The National Football League is a huge money making business. With the regular season kicking off in just a few days, new research from the Booth School of Business shows that timing is of the essence with players enter contract negotiations.

“This paper is about a seemingly very small part of the NFL contracting — when do you get paid in the off-season?” Gregor Matvos, an associate professor of finance at Chicago Booth, said.

In his paper, “Renegotiation Design: Evidence from National Football League Bonuses,” which was published in May in the Journal of Law and Economics, Matvos looked at 4,220 contracts signed in the NFL from 1994 to 2003, focusing on the 1,428 contracts in that span that were two years or longer, as well as corresponding player performance data.

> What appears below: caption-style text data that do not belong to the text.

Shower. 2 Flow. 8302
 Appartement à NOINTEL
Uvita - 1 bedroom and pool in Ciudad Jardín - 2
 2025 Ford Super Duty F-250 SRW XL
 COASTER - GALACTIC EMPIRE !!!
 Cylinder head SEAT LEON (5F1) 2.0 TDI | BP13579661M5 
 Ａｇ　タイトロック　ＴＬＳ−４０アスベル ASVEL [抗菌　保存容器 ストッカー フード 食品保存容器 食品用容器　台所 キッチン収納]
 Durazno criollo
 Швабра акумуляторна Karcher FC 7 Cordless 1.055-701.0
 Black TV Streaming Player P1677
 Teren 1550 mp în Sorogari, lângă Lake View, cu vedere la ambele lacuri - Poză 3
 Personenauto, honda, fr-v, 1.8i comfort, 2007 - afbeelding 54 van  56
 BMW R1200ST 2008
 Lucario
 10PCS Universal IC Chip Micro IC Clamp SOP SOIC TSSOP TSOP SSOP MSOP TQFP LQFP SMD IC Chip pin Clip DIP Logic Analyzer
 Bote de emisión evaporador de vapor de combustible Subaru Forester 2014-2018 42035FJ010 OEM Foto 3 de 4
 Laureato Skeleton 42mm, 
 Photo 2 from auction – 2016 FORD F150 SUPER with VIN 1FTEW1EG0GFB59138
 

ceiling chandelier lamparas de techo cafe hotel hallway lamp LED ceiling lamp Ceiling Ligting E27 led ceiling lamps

“It turns out it matters hugely — the timing of these payments, how they’re staggered,” Matvos says. “In a lot of markets we don’t quite understand how important timing is.”

Unlike other professional sports, no NFL contracts are guaranteed. With no safeguards in place, teams could delay renegotiation with a player until late in the offseason, giving teams an upper hand because there would be few if any openings elsewhere and the player would have little option but to take whatever the team offered.

“In the NFL we can measure dollars. If you slightly mis-structure your contract on the timing, that could potentially cost you hundreds of thousands of dollars.”

Matvos says NFL contracts are interesting because teams and players have to “buy” trade-offs — through signing bonuses, roster bonuses and salary.

“What does a nonguaranteed contract mean for a player? It means that if I, the team, want to keep you, I have to pay you this money (roster bonus), but if I don’t want to keep you I can just terminate the contract,” he says. “So in some ways as a team, I have an option on your play. But of course there is a price for this contract ex ante. … Just because a player doesn’t have a roster bonus doesn’t mean they’re worse off. Hopefully they got compensated appropriately for it, with a bigger signing bonus or a bigger salary. It’s stunning that such a little difference could matter so much.”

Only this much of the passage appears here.